King Philip’s little friar was by no means the earliest example of an intricate mechanical figure. The history of automata stretches back to the time of the Ancient Greeks, who were seemingly obsessed by the idea of creating mechanical beings, something reflected by references in Greek mythology to gods creating moving statues. The Greeks had advanced engineering skills and very probably made partially animated statues for use in ceremonies (worked by levers and possibly also steam and water). The Ancient Egyptians too were reputed to have harnessed the power of pneumatics to make moving and musical figures.
Some illuminated medieval manuscripts depict mechanical figures guarding tombs and in 1470 an artificial eagle made by Johannes Muller was said to have flown to greet the Emperor Maximilian when he entered Nuremberg. Leonardo da Vinci made a mechanical lion for Louis XII of France which approached the king and opened its chest to reveal a fleur-de-lis emblem. In the eighteenth century Jacques de Vaucanson produced elaborate automata including a realistic flute player five feet ten inches tall which had (with the help of a current of air and a complex mechanism) a repertoire of twelve tunes.

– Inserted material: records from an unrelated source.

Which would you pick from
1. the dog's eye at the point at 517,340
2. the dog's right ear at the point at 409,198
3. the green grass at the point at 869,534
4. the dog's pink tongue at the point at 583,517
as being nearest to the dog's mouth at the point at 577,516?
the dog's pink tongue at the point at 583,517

Throughout the eighteenth and nineteenth centuries automata became ever more popular and sophisticated but one in particular caught my attention when I was researching The Mechanical Devil. The Turk was made by Wolfgang von Kempelen, a Hungarian author and inventor, in 1769 and presented to the Empress Maria Theresa of Austria. It was a life-sized chess player with beard and turban which sat behind a desk and won games against all comers (including Napoleon and Benjamin Franklin). The Turk became an international source of fascination and toured many countries, including America, before eventually being exposed as an elaborate hoax (with a chess master concealed inside the machine).
In 1836 Edgar Allan Poe wrote an essay called ‘Maelzel’s Chess Player’, exposing the Turk as a fraud. Poe went on to write The Murders in the Rue Morgue, one of the earliest detective stories, and perhaps he was inspired to write mysteries by the case of the Turk’s deception. Who knows?
On a personal note, I couldn’t resist including a mention of an R G Owen rifle as recently I’ve discovered that the famous gunsmith, Robert Griffith Owen (originally from Anglesey but later of Ohio, USA) was my great-uncle, my grandmother’s older brother. It’s amazing what you find when you explore the family tree.